Published studies that tested or reviewed activity of pembrolizumab in relapsed or refractory Hodgkin’s lymphoma.
| ClinicalTrials.gov identifier | Type | Title | Population | Outcome | Adverse events |
|---|---|---|---|---|---|
| NCT01953692 | Phase Ib | Programmed death-1 blockade with pembrolizumab in patients with classical Hodgkin’s lymphoma after brentuximab vedotin failure49 | 31 relapsed or refractory cHL patients previously treated with BV and relapsed after; ineligible for or refused autologous SCT | ORR 65% (90% CI 48–79%); CR 16% (90% CI 7–31%); PR 48%; PFS 69% at 24 weeks and 46% at 52 weeks | Hypothyroidism (16%), diarrhea (16%), nausea (13%) and pneumonitis (10%); Grade 3 AEs in four patients. Two patients discontinued treatment due to AEs |
| NCT02453594 | Phase II | Study of pembrolizumab (MK-3475) in participants with relapsed or refractory classical Hodgkin’s lymphoma (MK-3475-087/KEYNOTE-087)53 | 210 patients with relapsed/refractory cHL who progressed or did not respond to either autologous SCT followed by BV (cohort 1), salvage chemotherapy followed by BV (cohort 2) or autologous SCT (cohort 3) | ORR 69.0% (95% CI 62.3–75.2%), CR 22.4% (95% CI 16.9–28.6%).
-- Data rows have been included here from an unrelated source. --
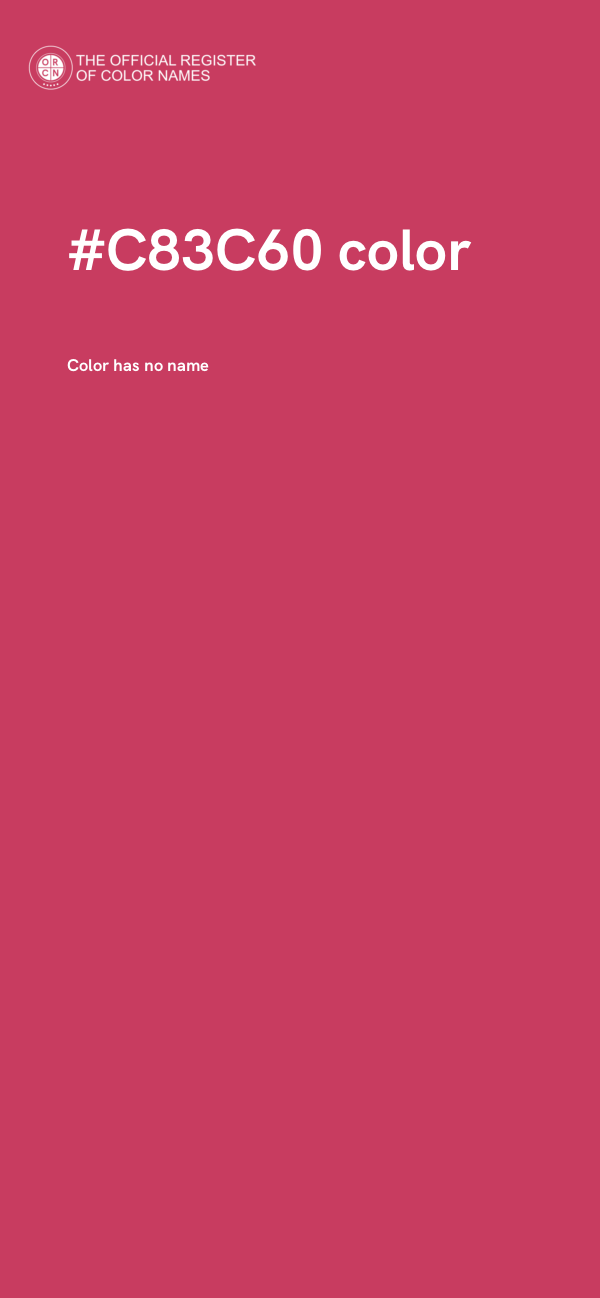 #C83C60 color image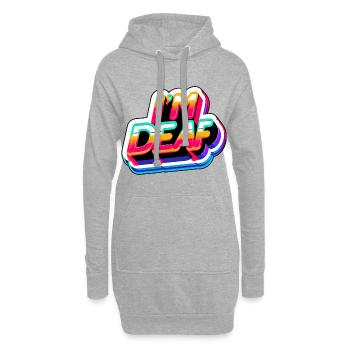 I'm Deaf 45 - Hoodie-Kleid - Grau meliert - Vorne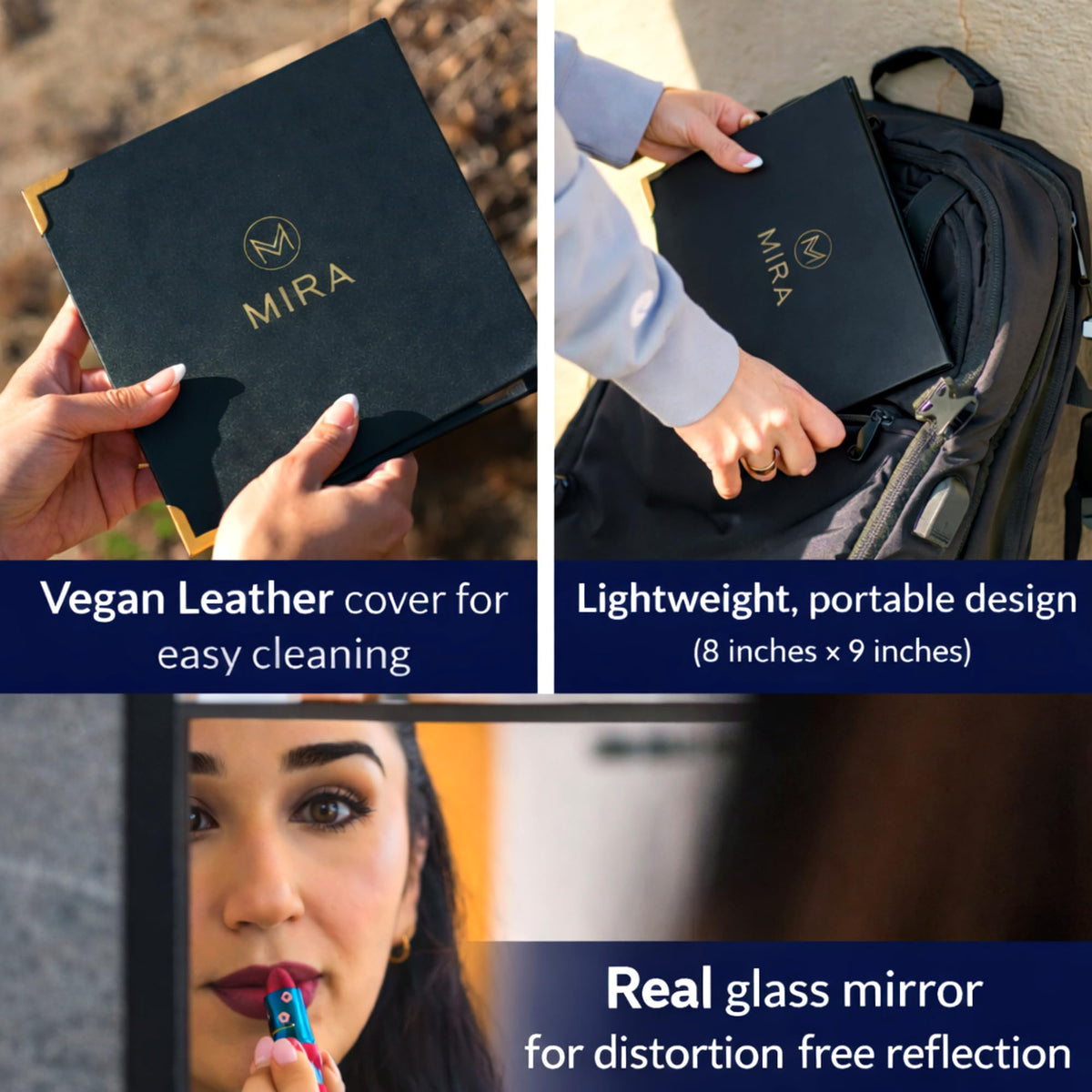 MMIRA dorm room full-length mirror for space-saving prep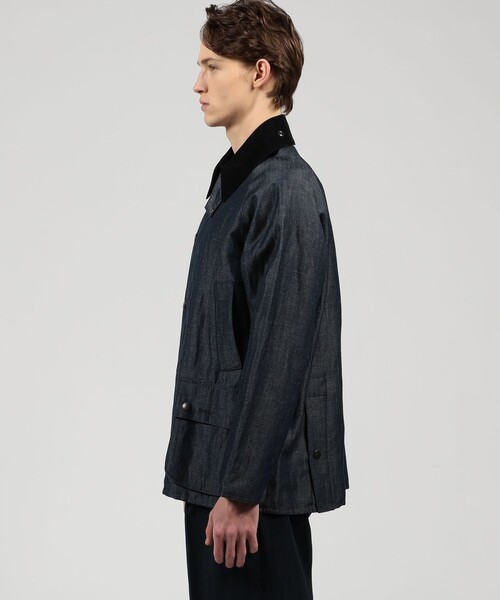 TOMORROWLAND (トゥモローランド)の「【別注】Barbour Classic BEDALE ウールリネン ブルゾン DORMEUIL(ブルゾン・メンズ・ブルー・40/38/36)」の4枚目の写真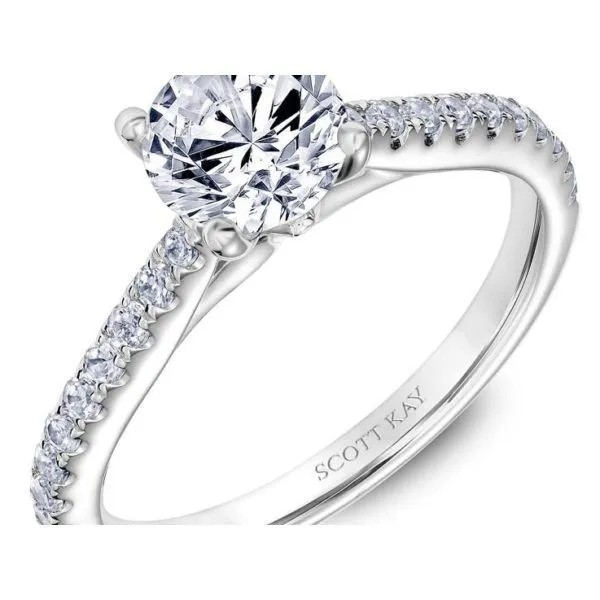 Diamond Engagement Ring Dolabany Jewelers Westwood, MA
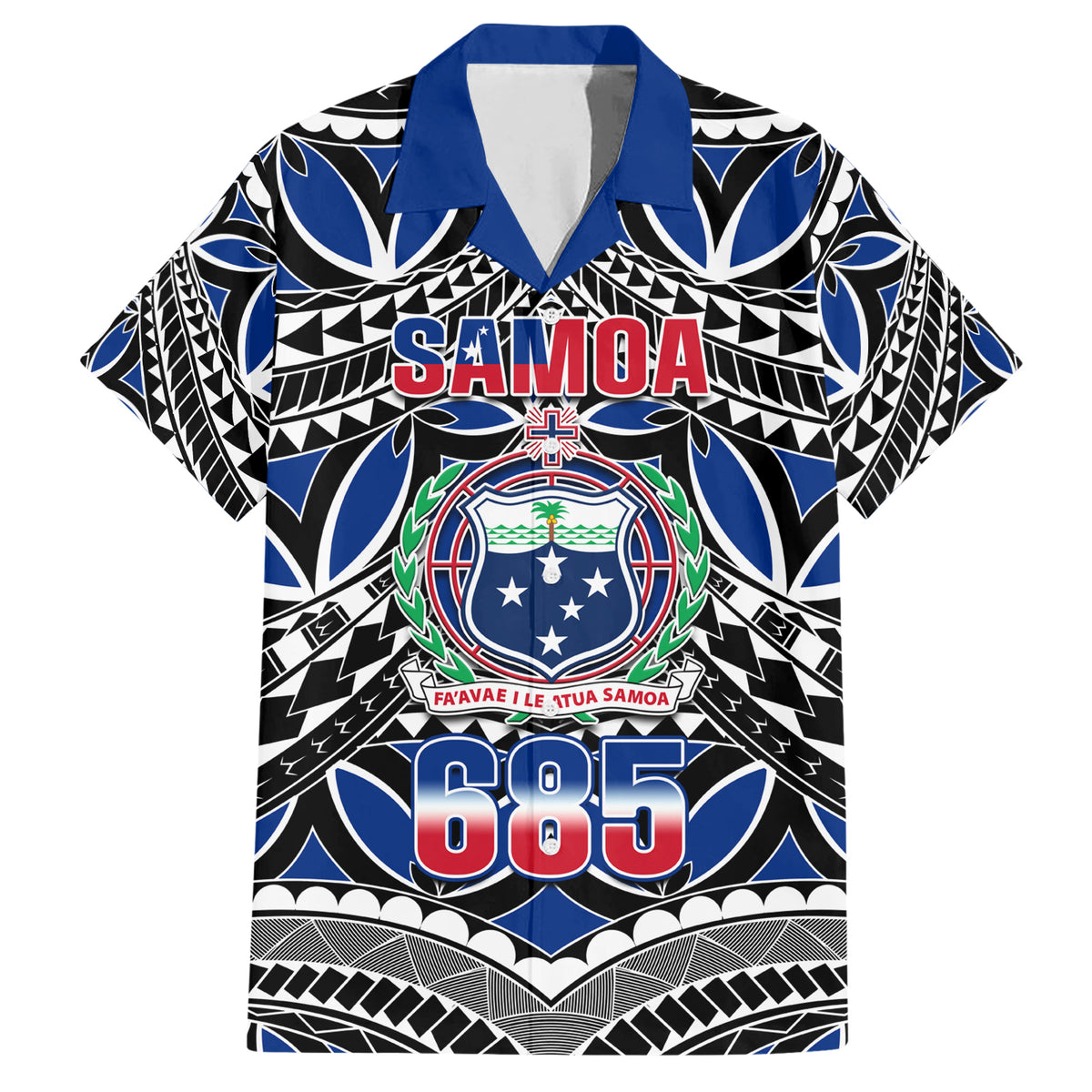 Samoa 685 Family Matching Short Sleeve Bodycon Dress and Hawaiian Shirt Samoan Coat Of Arms Simple Style - Wonder Print Shop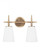 Driscoll contemporary 2-light indoor dimmable bath vanity wall sconce in satin brass gold finish wit (38|4440402-848)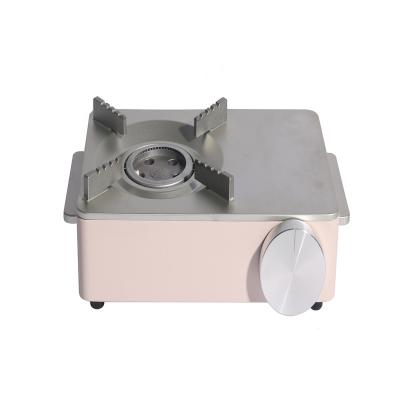 China INS Outdoor Hot Simple Style Small Portable Mini Sale 1 Burner Gas Stove For Travel Outdoor Camping Picnics for sale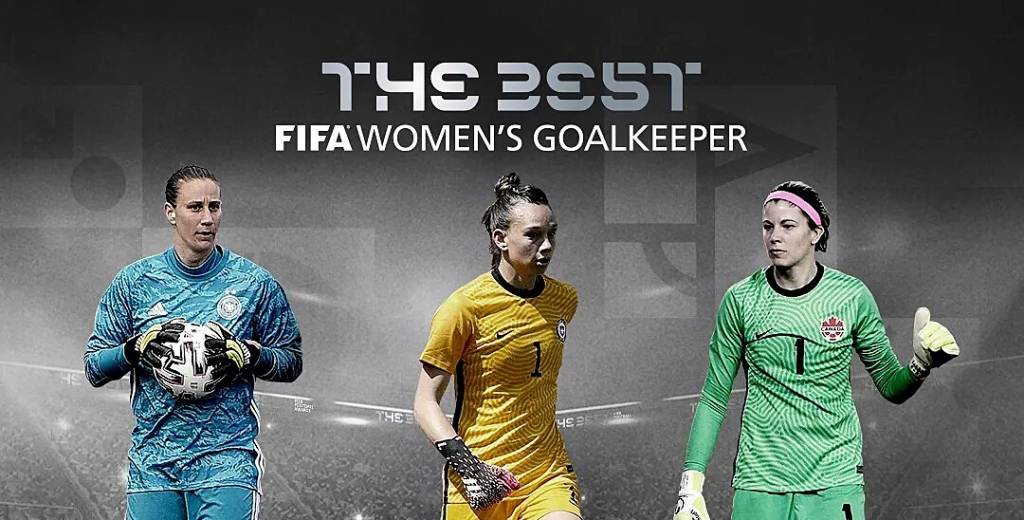 Estas son las tres finalistas a "mejor arquera 2021" de la FIFA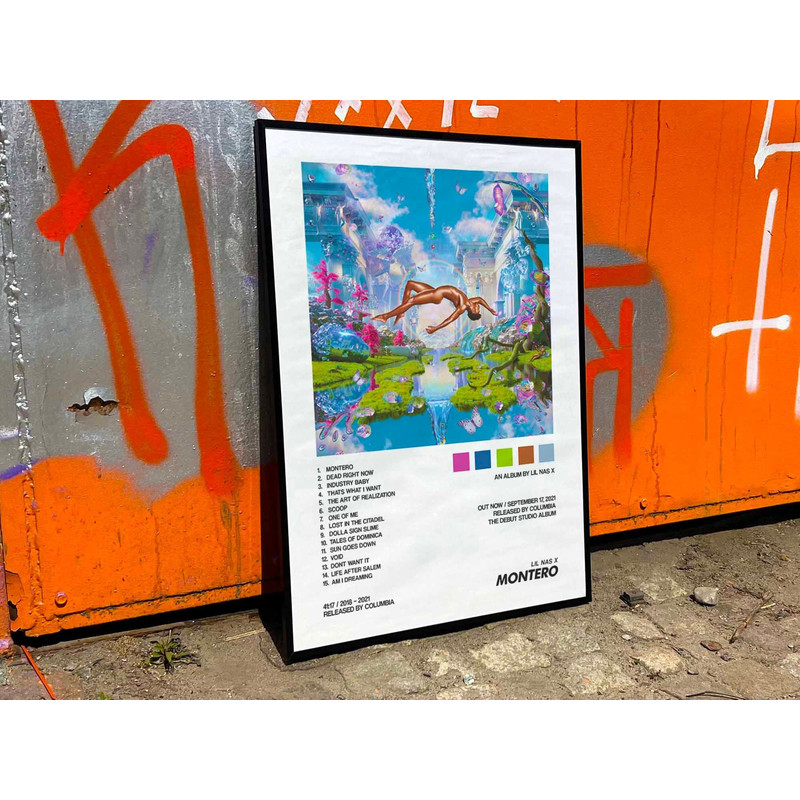 Lil Nas X Montero Album Cover Poster #2.jpg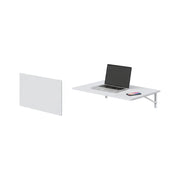 Grandate, Tavolo Pieghevole un Posto, 78x50x21h cm Bianco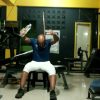 Seated alternating swimmers  slow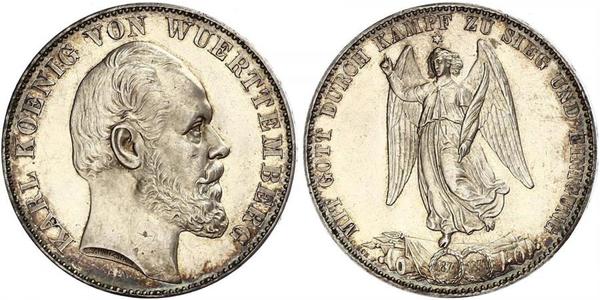 1 Талер Королівство Вюртемберг Срібло Charles I of Württemberg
ORRs were 73.9% for cohort 1, 64.2% for cohort 2, and 70.0% for cohort 3. 31 patients had a response ⩾6 months | Immune-mediated events in 28.6% of patients, most common AEs hypothyroidism (12.4%) and pyrexia (10.5%) |
| Retrospective | Low-dose pembrolizumab for relapsed/refractory Hodgkin’s lymphoma: high efficacy with minimal toxicity54 | Five patients refractory to 1–6 therapy modalities. four of five patients had previously received BV | ORR 100%, CR 80% at median follow up of 18 months | Grade 1 diarrhea in 20%; grade 1 eczema (20%) |
AEs, adverse events; BV, brentuximab vedotin; cHL, classical Hodgkin’s lymphoma; CI, confidence interval; CR, complete remission; ORR, overall response rate; PFS, progression-free survival; PR, partial response; SCT, stem-cell transplant.